October 29, 2004

By Facsimile and U.S. Mail

Lawson M. Vicario, Esq.
Wyche Burgess Freeman & Parham, PA
PO Box 728
Greenville, SC 29602-0728

	Re:	RSI Holdings, Inc.
	      Draft Schedule 13E-3/TO-T
      	Submitted by BCM Acquisition Corporation, Buck A. Mickel
      	Charles C. Mickel and Minor M. Shaw
      	Dated October 13, 2004

Dear Ms.
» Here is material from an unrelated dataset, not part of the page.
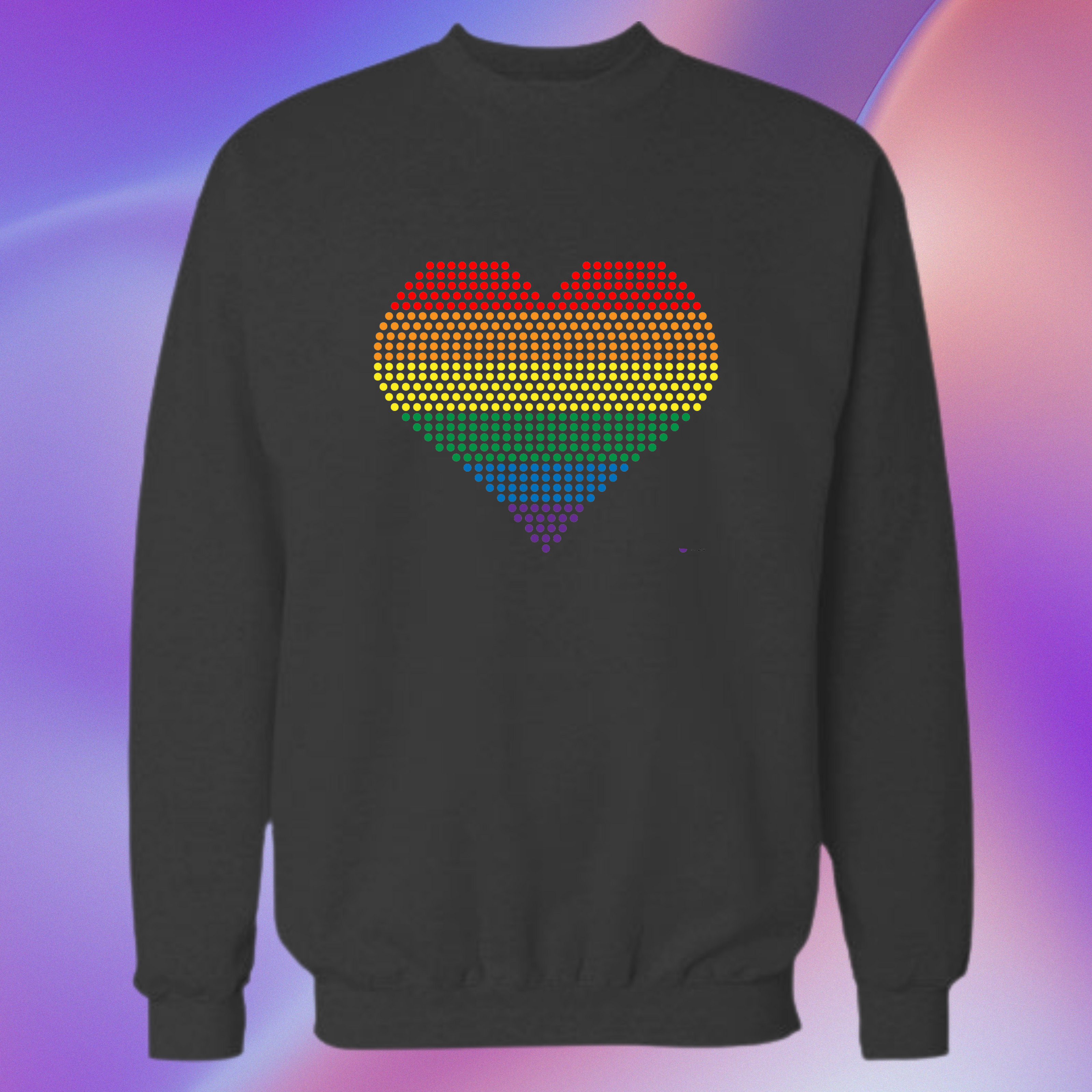 Rainbow Heart Rhinestone Shirt – Pride & Love Sparkle Bling Tee | Blingdazzel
Vicario,

	We have the following comments on the above-referenced
filing:

Offer to Purchase

1. Please confirm that the tender offer will be open for at least
twenty full business days as required by Rule 14e-1(a).  Because
the offer expires at 5:00 p.m. instead of midnight on what may
ultimately be the twentieth business day following commencement of the
exchange offer, it is unclear whether the offer will be open for the
full twenty business days.  See Question and Answer Eight in Exchange
Act Release No. 16623 (March 5, 1980).

2. We note that you may waive the minimum condition.  As it
appears that the minimum condition is a material condition to the
offer, the waiver of the minimum condition would be a material change
requiring that at least five business days remain in the offer after
the announcement of the waiver.  Please confirm your intent to extend
the offer, as necessary, so that at least five business days remain
after dissemination of this material change to the offer.  We note the
disclosure on page 20.

Special Factors, page 9

	Background, page 9

3. We note the following facts:

* The Mickel siblings beneficially own 76% of the company and two
of them are officers and directors of RSI.

* The Mickel siblings and RSI`s board began considering a going-
private transaction in late 2003.

* The parties had considered previously a merger transaction.  The
company established a special committee and the special committee
hired a financial advisor to provide a fairness opinion.

* Two of the Mickel siblings serve on the five-member board of
directors of RSI, and at least two additional directors will be
directors of the surviving entity if the transactions are
completed.

* One of these directors is also the Secretary and CFO of the
company and will continue to be Secretary and CFO of the company if
the transaction is successful.

* RSI will incur $90,524 in fees and expenses, including printing
and mailing costs, in connection with this transaction.

It appears that RSI may be engaged in this transaction and
therefore required to file a Schedule 13E-3.  See Rule 13e-3(b)(2).
Please provide us your analysis in this regard.  In doing so, please
advise us whether the employment or compensation agreements with any
of the officers and directors will change as a result of the transaction.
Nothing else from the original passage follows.